◆ Directions:
Below are the records; pull every line that includes "young".

(Entries taken from a collection)
=======

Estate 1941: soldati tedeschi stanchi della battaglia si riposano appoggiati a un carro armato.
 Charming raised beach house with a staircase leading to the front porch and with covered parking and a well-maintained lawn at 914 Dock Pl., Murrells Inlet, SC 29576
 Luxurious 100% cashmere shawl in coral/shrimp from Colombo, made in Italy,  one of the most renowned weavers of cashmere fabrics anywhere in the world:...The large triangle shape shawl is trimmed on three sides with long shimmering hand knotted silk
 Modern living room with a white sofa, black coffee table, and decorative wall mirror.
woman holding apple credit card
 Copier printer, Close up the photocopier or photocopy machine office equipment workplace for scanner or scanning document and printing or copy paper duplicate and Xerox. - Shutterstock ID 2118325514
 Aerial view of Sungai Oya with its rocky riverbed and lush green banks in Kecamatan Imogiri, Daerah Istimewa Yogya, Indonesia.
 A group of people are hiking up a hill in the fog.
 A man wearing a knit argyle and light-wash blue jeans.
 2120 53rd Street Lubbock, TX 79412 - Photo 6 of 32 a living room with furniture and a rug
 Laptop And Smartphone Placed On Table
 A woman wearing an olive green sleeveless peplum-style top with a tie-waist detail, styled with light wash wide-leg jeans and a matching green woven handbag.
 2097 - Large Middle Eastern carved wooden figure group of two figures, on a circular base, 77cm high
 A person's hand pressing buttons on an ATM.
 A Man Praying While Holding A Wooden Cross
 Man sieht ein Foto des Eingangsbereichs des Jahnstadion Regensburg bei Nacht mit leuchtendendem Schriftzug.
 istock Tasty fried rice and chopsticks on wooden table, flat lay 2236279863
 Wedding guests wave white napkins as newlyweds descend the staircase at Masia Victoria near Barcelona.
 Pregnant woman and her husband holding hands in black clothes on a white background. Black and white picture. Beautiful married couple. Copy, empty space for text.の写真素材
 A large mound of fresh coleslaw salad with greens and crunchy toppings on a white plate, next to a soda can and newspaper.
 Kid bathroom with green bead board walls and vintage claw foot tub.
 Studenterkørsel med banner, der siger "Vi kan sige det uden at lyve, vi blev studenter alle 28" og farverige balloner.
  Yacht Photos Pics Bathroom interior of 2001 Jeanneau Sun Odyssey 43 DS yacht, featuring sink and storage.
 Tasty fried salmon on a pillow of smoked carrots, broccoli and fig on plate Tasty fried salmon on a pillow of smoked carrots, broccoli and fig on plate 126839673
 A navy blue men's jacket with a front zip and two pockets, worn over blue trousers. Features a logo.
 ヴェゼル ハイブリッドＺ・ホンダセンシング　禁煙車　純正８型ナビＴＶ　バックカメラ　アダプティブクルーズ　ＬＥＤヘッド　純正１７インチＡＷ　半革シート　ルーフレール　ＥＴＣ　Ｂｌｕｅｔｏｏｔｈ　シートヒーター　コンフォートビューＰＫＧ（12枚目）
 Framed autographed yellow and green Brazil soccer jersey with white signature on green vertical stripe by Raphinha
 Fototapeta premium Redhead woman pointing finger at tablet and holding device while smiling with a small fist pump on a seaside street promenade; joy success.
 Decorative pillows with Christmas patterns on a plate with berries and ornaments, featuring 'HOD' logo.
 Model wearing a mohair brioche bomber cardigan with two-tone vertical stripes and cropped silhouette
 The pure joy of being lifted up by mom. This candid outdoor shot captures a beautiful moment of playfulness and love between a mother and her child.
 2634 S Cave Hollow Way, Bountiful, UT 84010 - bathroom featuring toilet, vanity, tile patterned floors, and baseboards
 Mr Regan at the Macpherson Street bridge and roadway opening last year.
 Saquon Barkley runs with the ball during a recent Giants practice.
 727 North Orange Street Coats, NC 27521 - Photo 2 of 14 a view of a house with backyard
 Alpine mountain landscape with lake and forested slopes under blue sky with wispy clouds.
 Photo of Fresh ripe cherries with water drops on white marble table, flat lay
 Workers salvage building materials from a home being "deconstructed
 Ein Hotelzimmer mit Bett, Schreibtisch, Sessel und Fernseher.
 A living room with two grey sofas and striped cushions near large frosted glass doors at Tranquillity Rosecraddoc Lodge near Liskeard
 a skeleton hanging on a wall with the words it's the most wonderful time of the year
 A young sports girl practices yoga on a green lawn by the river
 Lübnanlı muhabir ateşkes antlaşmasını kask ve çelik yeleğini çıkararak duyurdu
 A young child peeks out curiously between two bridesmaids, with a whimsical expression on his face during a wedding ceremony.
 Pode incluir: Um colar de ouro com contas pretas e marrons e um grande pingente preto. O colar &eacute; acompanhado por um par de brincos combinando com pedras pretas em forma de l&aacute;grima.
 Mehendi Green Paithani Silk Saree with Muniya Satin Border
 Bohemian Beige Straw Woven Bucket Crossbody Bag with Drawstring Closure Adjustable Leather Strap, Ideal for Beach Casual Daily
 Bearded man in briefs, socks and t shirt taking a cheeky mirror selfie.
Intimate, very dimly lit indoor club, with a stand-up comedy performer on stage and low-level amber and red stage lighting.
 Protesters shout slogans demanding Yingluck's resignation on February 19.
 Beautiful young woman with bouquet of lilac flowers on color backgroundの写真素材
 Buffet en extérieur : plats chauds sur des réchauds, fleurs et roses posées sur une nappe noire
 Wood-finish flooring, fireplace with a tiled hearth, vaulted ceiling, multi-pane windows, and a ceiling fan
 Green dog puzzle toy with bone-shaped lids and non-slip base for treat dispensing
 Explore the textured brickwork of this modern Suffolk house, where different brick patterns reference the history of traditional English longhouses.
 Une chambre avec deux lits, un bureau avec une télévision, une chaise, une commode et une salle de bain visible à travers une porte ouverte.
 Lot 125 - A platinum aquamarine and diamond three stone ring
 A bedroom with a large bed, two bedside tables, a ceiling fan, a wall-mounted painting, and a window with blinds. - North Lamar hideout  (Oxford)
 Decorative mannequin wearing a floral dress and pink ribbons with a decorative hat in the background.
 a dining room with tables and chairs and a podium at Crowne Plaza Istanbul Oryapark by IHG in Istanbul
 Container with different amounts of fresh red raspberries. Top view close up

=======

◆ Result of this task:
 A young sports girl practices yoga on a green lawn by the river
 A young child peeks out curiously between two bridesmaids, with a whimsical expression on his face during a wedding ceremony.
 Beautiful young woman with bouquet of lilac flowers on color backgroundの写真素材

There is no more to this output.